I’m developing an Android app for instant speech-to-speech translation with a strong focus on offline operation and low latency.
Requirements:
Target devices: Android 10+ on mid-range hardware such as Snapdragon 778G with 8 GB RAM
Language pairs: EN↔RU and EN↔FR, with possible expansion later
Offline-first approach
Privacy-focused design, ideally without cloud APIs
Target latency: under 500 ms from microphone input to translated audio output
Current pipeline:
Speech-to-text → local translation model → text-to-speech
Problems I’m running into:
Speech recognition latency is around 1.5 seconds even when using partial results
Local translation models are too slow on mid-range devices
The audio pipeline can block the UI if not handled carefully
Main questions:
What architecture is most practical for sub-500 ms speech-to-speech translation on Android?

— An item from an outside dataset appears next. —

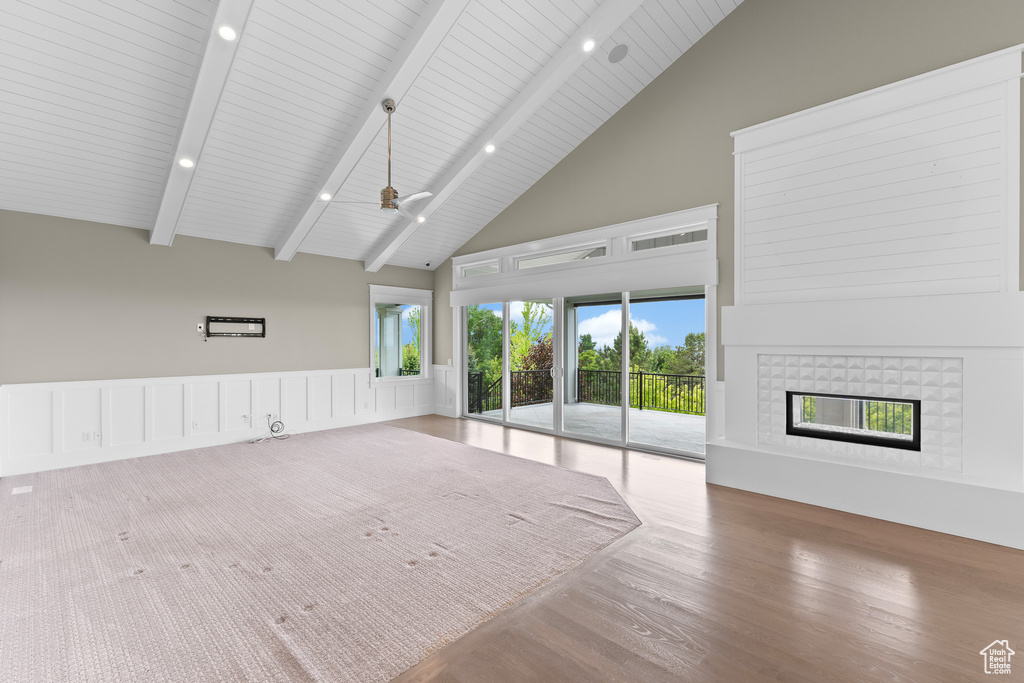 Unfurnished living room featuring high vaulted ceiling, a tiled fireplace, wood finished floors, beamed ceiling, and a ceiling fan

Which local translation models are currently the best fit for mobile devices if size and inference speed are the main constraints?
What is the best strategy for handling partial speech recognition results without triggering translation too early?
What threading or pipeline design works best for this kind of audio workflow on Android?
I’d especially appreciate answers based on practical experience with TensorFlow Lite, ONNX Runtime Mobile, or similar mobile inference setups. My main goal is to understand what architecture and optimization strategy are realistic for low-latency offline translation on Android.
If it's not a secret, how much space does an offline language database take up on a device?